All ten shows a day were sold out
during opening weekend in New York City
in the middle of the Great Depression.
Record-setting attendance was followed by glowing reviews
that praised the film's technical achievements
and thrilling plot.
It made about $2 million worldwide
upon its first release
and single-handedly saved RKO from bankruptcy.
The harsh truth is that "King Kong"'s success
highlights the Western tendency
to fetishize and exploit foreign cultures.
"King Kong"'s influences give us a perspective
into the history of conquest and colonialism.
Both filmmakers, Cooper and Schoedsack,
previously worked on films documenting wildlife
and human inhabitants of exotic locales.
And jungle adventure films were a popular genre of the time.
These movies set in-- you guessed it--the jungle,
show predominantly white characters
exploring a faraway land.
A classic example-- "Tarzan of the Apes,"
and its many, many, many sequels and spinoffs.
Tarzan himself became king of the apes
and embodied the noble savage trope.
Then there's 1922's "Jungle Goddess,"
which featured a kidnapped white woman
who becomes the goddess of an African community.
Overall, there's a lot of racist
and colonialist tropes in this genre.
The white adventurers face threats
from stereotypically-portrayed natives
who are constructed as uncivilized, violent,
and obsessed with white female beauty.
But another nefarious influence on "King Kong"'s story
may have been the faux documentary
racial exploitation film "Ingagi."
In the film, African women
are offered as sexual sacrifices to gorillas,
essentially pornography that grotesquely demonized
interracial relationships.
The 1930 film would be pulled from theaters
under the Hays Code,
but not before reaching box-office success.
It was one of the highest grossing
Hollywood films that year.
This financial success likely fueled RKO Radio Pictures'
investment in "King Kong"'s creation and distribution.
They just needed to monetize racism in a less obvious way.
Considering the overt racism
at the time "King Kong" was produced,
Kong's place in the dark history
of dehumanizing people of color is undeniable.
Comparing people to and portraying them as gorillas,
monkeys, and orangutans was a common practice at the time,
and these undertones in the film
would not have gone unnoticed by moviegoers in 1933.
The so-called savage ape, dark and menacing,
obsessed with the beauty of a white woman
he seizes for his own
was a pretty transparent metaphor for racist fears.
There's also the fact that Kong's physical journey
from his native land to the U.S. to be exploited for profit
aligns with the narrative of enslaved people.
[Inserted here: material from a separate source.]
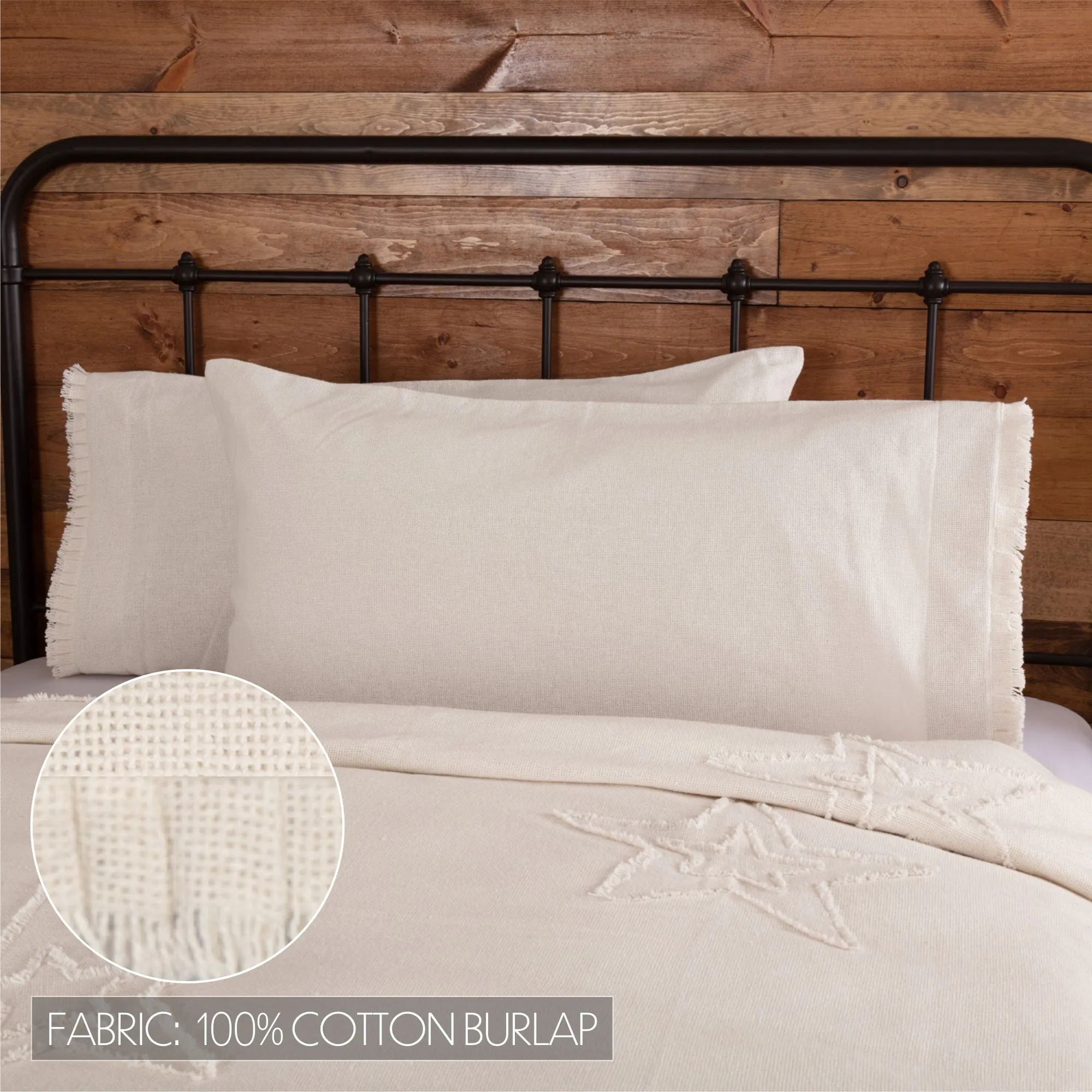 Burlap Pillow Case w/ Fringed Ruffle Set of 2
King Kong appears at a time when civil rights deprivations
were fueling cause for equality in housing,
employment, and education.
"King Kong" can be read as a metaphor
for how Black men were treated
and are still treated in America
as both glorious spectacle and violent threat.
Kong evokes the dangerous exotic other,
but he is also a sympathetic character
that the audience is meant to identify with.
Kong triumphantly clutches
the top of the needle in one hand
-and Anne in the other. -[Anne screaming]
He has not just conquered the city, but the world.
At the time, the Empire State Building
was the tallest building in the world.
He towers over the symbol of modern civilization.
Cooper stated that part of the creature's inspiration
came from a desire to place a symbol of prehistoric life
in the modern mechanized world
and have a modern weapon, the airplane, kill him.
In a press release for the film, he said,
"Why not place him at the pinnacle
"of the tallest building,
"symbol in steel, stone, and aspiration,
and pit him against modern man?"
Of course, as a foreigner on U.S. soil,
Kong's triumph is short-lived.
A revived RKO Radio Pictures
followed up the success of "King Kong" with a quick sequel,
"Son of Kong," released just nine months later.
But then no new contributions
to the franchise until the 1960s.
Sure, there were re-releases that drew big crowds
and established a global audience,
but nothing new was added to the story for almost 30 years.
And when those changes came, they would be pretty big ones.
He wreaks havoc upon the city
and famously climbs the Empire State Building
before being shot down by mm-the military.
Sorry, it's okay, I'll do the whole paragraph again anyway.